NBFCs are usually the following:
(a) Hire Purchase Finance Company
(b) Housing Finance Company
(c) Equipment Leasing Company
(d) Loan and Investment Company
(e) Mutual Benefit Financial Company (MBFCs)
(f) Residuary Non-Banking Companies (RNBCs)
Of these, the Mutual Benefit Financial Companies which are known as ‘Nidhi’ Company or ‘Permanent Funds’ are regulated by Central Government under Companies Act and not by RBI.
These are companies accepting deposits/subscriptions under a combination of certain schemes like insurance/investment etc. for a given period. The discontinuance from the scheme in mid-way may lead to forfeiture of money.

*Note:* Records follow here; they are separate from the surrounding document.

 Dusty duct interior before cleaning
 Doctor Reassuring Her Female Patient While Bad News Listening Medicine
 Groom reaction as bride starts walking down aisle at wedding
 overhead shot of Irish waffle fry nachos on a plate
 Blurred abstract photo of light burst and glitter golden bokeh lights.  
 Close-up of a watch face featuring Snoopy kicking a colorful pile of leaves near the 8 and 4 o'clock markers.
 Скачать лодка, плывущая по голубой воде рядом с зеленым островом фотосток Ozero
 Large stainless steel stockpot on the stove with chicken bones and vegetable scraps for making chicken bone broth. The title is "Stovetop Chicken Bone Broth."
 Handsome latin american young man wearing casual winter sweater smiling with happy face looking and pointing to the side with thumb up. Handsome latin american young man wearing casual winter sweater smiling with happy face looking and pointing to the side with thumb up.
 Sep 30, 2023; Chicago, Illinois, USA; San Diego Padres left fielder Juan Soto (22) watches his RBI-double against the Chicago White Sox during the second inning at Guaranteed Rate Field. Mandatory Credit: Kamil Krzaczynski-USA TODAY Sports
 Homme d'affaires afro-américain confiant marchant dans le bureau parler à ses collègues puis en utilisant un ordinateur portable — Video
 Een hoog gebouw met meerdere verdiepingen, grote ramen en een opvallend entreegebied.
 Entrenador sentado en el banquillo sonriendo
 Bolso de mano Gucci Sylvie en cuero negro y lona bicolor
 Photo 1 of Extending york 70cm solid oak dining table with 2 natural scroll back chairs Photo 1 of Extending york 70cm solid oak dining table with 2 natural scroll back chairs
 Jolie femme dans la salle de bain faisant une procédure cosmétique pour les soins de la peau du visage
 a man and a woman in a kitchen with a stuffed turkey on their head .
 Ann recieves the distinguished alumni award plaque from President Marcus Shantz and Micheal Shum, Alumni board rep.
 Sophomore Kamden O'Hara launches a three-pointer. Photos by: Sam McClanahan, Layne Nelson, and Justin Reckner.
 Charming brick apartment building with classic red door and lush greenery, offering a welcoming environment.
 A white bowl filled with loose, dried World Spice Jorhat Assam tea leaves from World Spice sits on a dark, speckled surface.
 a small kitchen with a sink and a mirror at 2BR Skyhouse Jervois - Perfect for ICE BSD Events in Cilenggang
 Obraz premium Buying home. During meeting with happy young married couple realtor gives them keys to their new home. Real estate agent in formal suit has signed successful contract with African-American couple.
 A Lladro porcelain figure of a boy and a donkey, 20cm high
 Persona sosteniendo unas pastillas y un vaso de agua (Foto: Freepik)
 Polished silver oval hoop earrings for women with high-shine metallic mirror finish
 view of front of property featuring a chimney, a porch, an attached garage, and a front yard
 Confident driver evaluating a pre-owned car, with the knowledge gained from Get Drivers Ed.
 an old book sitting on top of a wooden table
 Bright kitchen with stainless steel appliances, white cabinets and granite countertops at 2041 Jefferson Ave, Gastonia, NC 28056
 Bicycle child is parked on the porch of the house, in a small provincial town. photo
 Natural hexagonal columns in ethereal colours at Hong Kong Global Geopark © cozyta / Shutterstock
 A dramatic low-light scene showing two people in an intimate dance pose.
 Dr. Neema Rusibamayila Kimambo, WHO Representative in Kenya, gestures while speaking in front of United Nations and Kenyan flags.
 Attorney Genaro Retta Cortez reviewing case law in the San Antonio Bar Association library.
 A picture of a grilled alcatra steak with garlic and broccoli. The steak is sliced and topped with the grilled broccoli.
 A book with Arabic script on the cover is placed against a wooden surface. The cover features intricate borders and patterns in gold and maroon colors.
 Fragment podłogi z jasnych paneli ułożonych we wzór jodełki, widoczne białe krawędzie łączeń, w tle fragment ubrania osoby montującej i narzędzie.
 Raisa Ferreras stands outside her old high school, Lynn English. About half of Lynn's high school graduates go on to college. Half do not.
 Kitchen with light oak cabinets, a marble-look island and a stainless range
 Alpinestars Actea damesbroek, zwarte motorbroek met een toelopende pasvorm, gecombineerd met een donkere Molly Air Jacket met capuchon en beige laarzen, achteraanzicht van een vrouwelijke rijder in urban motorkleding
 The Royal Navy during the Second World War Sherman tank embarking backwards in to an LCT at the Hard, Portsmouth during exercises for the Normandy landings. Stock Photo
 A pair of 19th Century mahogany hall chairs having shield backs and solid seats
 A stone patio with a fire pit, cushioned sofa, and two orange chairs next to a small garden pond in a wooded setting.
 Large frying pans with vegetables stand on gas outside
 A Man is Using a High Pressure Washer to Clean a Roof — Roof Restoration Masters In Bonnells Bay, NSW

Peerless General Finance and Investment Co., is an example of this type. Since 1987, RBI regulates their deposit taking activity by prescribing minimum interest rate on deposit as well as protection of depositor’s money. This is ensured by RBI by prescribing minimum level of investment in government securities.
The activities of other NBFCs are currently regulated by RBI. For this purpose, NBFCs are basically divided into two categories viz., those accepting public deposits and those not accepting public deposits. The activities of public deposit accepting NBFCs are strictly regulated. The other NBFCs have been regulated in a limited manner.